The couple’s operation is distinctly different than many others across the Prairies but the Haucks are among a growing number of cattle producers who are introducing what they call sustainable and holistic methods.

“You could say we’re alternative, in a way,” Brett said. “But there are a lot of good examples of what people are doing in Alberta, and across the world.”

During the tour, the couple showed spectators their solar-powered electrical system installed on one of their buildings.

The $24,000 system features 38 panels, produces 12,000 kilowatt hours annually and is attached to the grid.

However, the panels normally feed electricity to the grid during the summer.

For every kilowatt hour they send to the power company, they receive a credit on their bill. The credit is the same amount as the current price of electricity.

But during winter, the couple usually uses conventional electricity, like coal or natural gas.

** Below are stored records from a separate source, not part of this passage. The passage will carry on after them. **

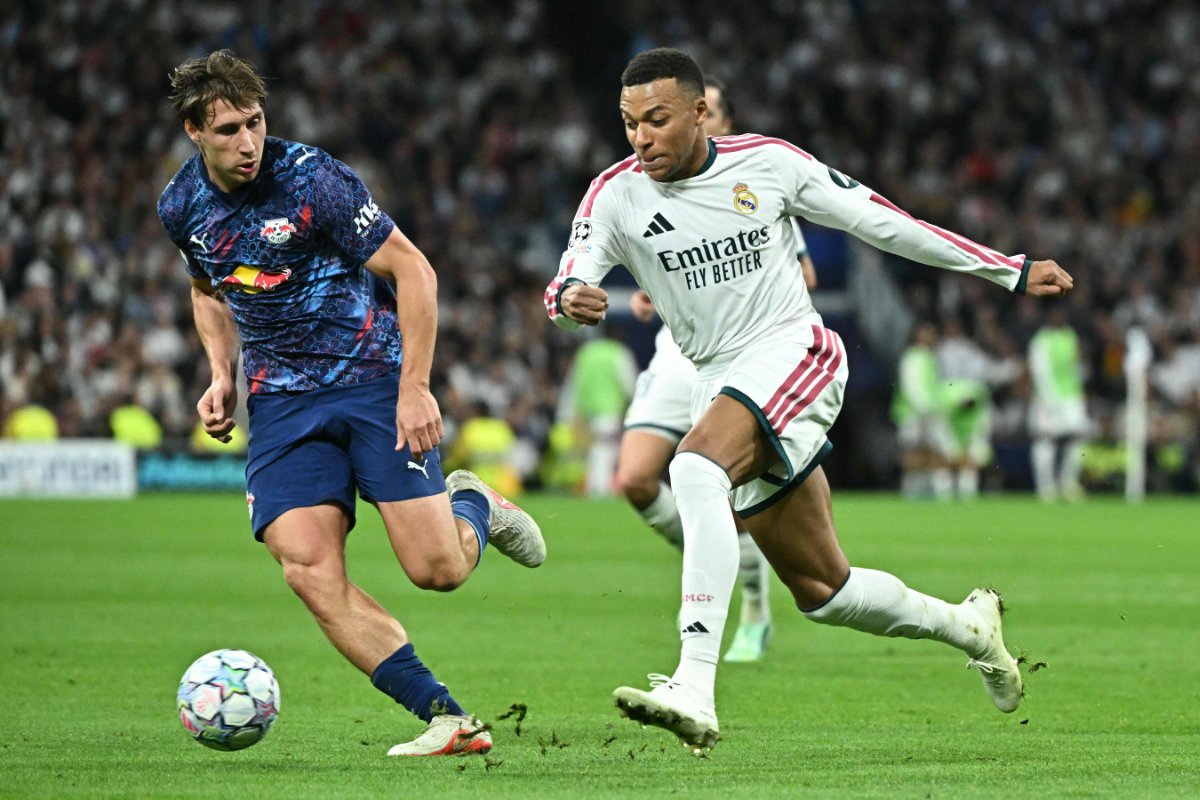 Real Madrid's French forward #10 Kylian Mbappe (R) is challenged by RB Leipzig's Hungarian defender #04 Willi Orban during their UEFA Champions League first round day 3 football match between Real Madrid CF and RB Leipzig at the Santiago Bernabeu stadium in Madrid on October 21, 2026. (AFP)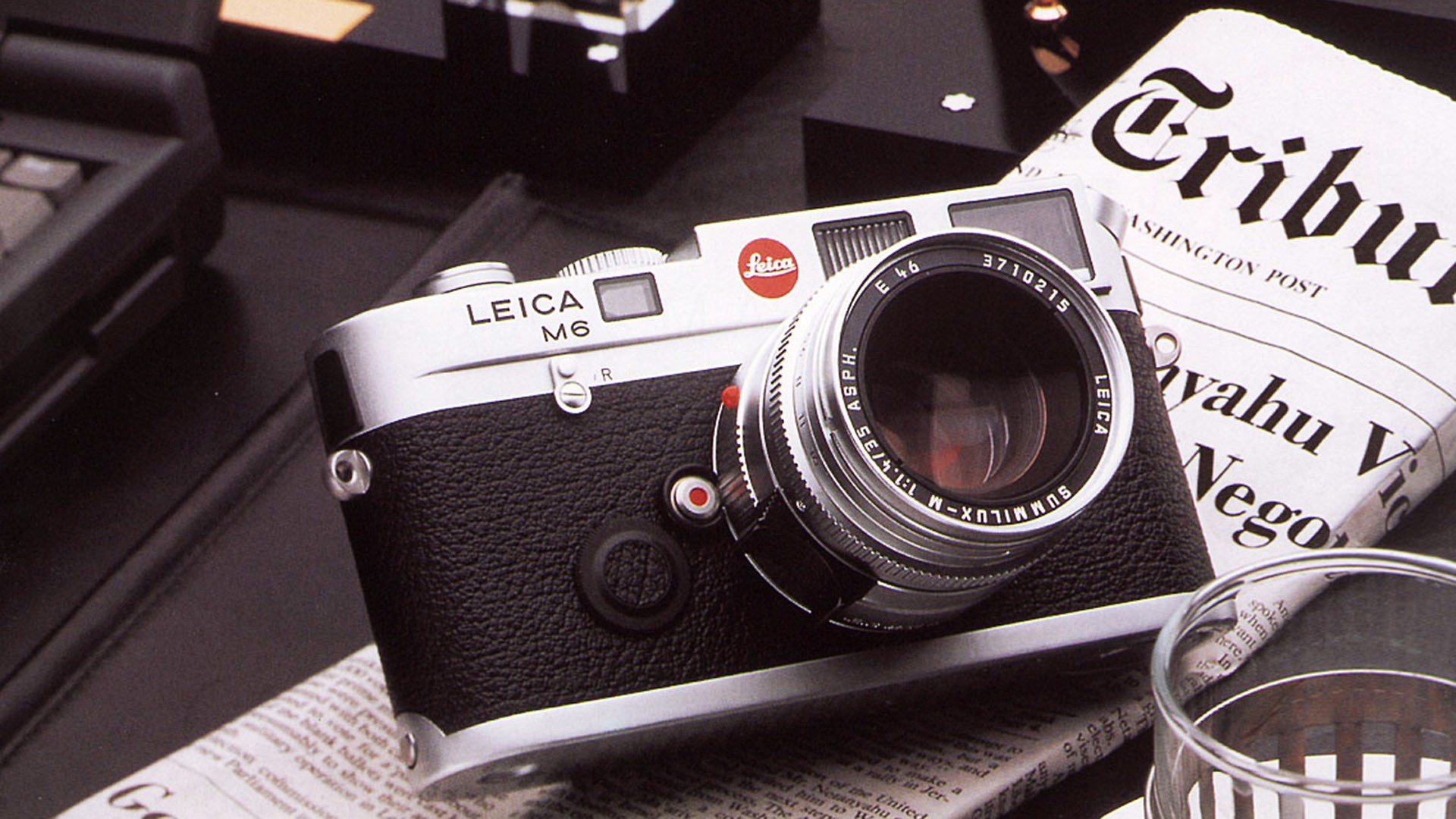 Leica M6 camera on newspaper
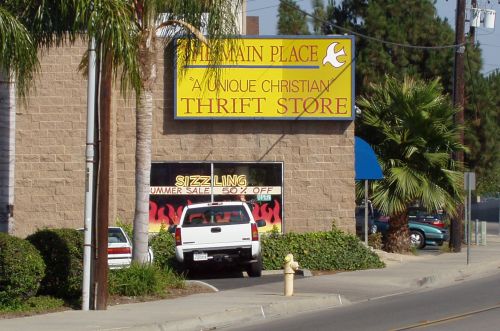 Sign: A Unique Christian Thrift Store; Window: Sizzling Summer Sale (with flames!)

“It generally evens out,” Brett said. “For a system like this, it would take 30 years to pay it back. But, if the credit we received accounted for electricity costs, like other provinces, instead of being billed as an extra, we would only need 19 years to pay back this system.”

As well, the couple uses solar-powered electric fences to manage grazing and solar-powered pumps to provide their 300-head herd with water.

Jenna said the pumps make it easy to use more of the land while being cost-effective. Having gas-powered pumps by every dugout would be too costly to operate.

“We can be flexible with this,” she said. “We’re making sure we’re doing a better job.”

Plus, the pumps have health and environmental benefits.

For example, Jenna said cows with foot rot won’t contaminate others because the animals are not gathering at a dugout. And when riparian areas are fenced, it allows some native species to return.

“We’ve got cattails and all sorts of different species and birds. There are ducks on every pond,” Brett said. “That’s been really fun to watch.”

Solar power is one of many tools the couple uses to manage their holistic operation.

“I think a lot of people need to see how easy it is to move your cows,” Brett said. “It’s about working smarter and letting the animals work a little more, rather than you working for them. They are strong and can do a lot more than people realize.”

The couple is also keen on learning how other operations work.

“Both large and small operations need to work together,” he said. “Everyone is doing the best they can with what they’ve got. It’s not about comparing yourself, but doing what works for you. We enjoy the fact that we’re using solar. It’s different and fun, and it works.”